Cover by Frauke of Croco Designs

Tyema was the victim of an enemy attack on her village when she was young. When I first started working on the book I felt it would be unrealistic for her to have reached adulthood with no aftereffects from the terrible ordeal,  even though she grew up to take over the temple and runs its complex business affairs at the god’s direct command.  She’s structured her life to be in control at all times, as much as possible, to avoid triggering or even revealing the symptoms of her malady. The coping plan works for her until Sahure, a handsome, noble warrior, is sent by Pharaoh on assignment to her remote province. Complications for Tyema – good and bad – spiral from there.

There were descriptions of anxiety symptoms noted as long ago as 1900 BCE, although the physicians of the time lumped together anxiety-related problems like difficulty breathing and chest pain with unrelated things like seizures and called it all hysteria. It took about 4000 years for the physical symptoms of an anxiety attack to become a recognized medical diagnosis of its own. “Generalized anxiety disorder” didn’t appear in medical handbooks until 1980 CE.

Although Tyema’s anxiety is only one aspect of the book’s plot, I knew from my own experiences over the years what kind of challenges anxiety can entail, and that’s with access to modern medicine, plus tons of books and self-help articles to read. The ancient Egyptians wouldn’t have understood an anxiety attack the way we do today, and they certainly had no idea how to effectively deal with it. “Cures” tended to be heavily based in magic and some fundamentally misguided theories of anatomy.  Even Sobek, who takes care of the Nile and is a force of nature, doesn’t understand the struggles of his priestess. She knows I watch over her – why isn’t that enough? the god asks in the novel.

Well, folks, I’m here to tell you, it helps to have sympathetic people (or Crocodile Gods) around you, but unless you’ve had an anxiety attack yourself, I’m sure it’s difficult to fully understand what the sufferer is going through, or to grasp how little control an individual has over the escalating, overwhelming symptoms and feeling of impending personal doom. I’m not my character and she isn’t me, but I did draw on my experiences to some extent.

Egyptian Hieroglyphs And A Tableau Of Battle


Magic of the Nile allowed me to do all kind of research and weave the strands of what I learned through the novel. From chariots to birthing bricks to what a parade featuring Pharaoh might look like and more, I love adding the details to the story to create the feeling of the time.

I also enjoyed writing the scenes with Tyema and Pharaoh and some very conceited high priests of Sobek in Thebes. She does run her own very prosperous temple, thank you very much and takes no guff.

I think I developed something of a crush on Sahure, the noble military officer with whom Tyema falls in love. He’s dashing and a bit hot headed at times, but was fun to write and he really comes through when he’s needed most. He has his own growth arc in the novel, as well as several encounters with the goddess Sekhmet.

I’ve written a total of eight stories set in ancient Egypt and am about to embark on the ninth, a sequel to Dancer of the Nile.
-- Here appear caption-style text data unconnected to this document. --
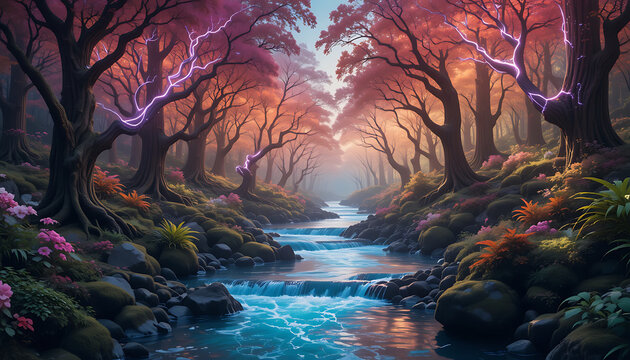 Warm fairytale forest with orange light and calm river reflecting sky creating soothing magical landscape for children story visuals.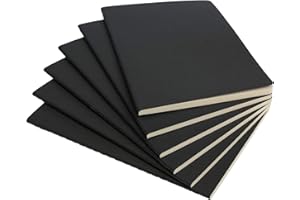 Simply Genius Journaling Notebooks - 6-Pack A5 Black Softcover - College Ruled Writing Journal - Note Taking & Travel Notebook - 92 Lined Cream Pages 80 GSM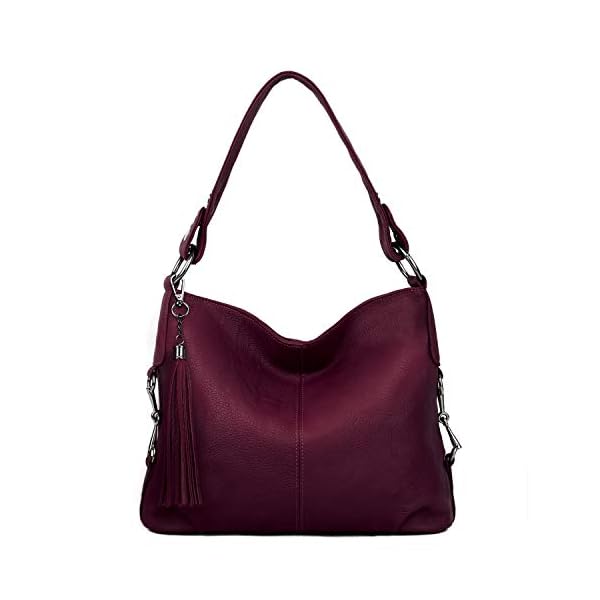 YALUXE Women's Stylish Genuine Leather Tote Travel Shoulder Bag Handle Bags for Women - Image 4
I’ll always be grateful to Carina Press and Angela James for not only making me a published author but setting me on the path to write romances set in the ancient era I love so much.

Science fiction romance is my main genre but I relish ‘traveling’ to 1550 BCE Egypt on occasion to spin tales of adventure and love along the Nile.

All 8 books new cover

I have a page on the blog where I discuss the general reading order although all the books do stand alone.

Note: Portions of this post may have appeared previously on other blogs.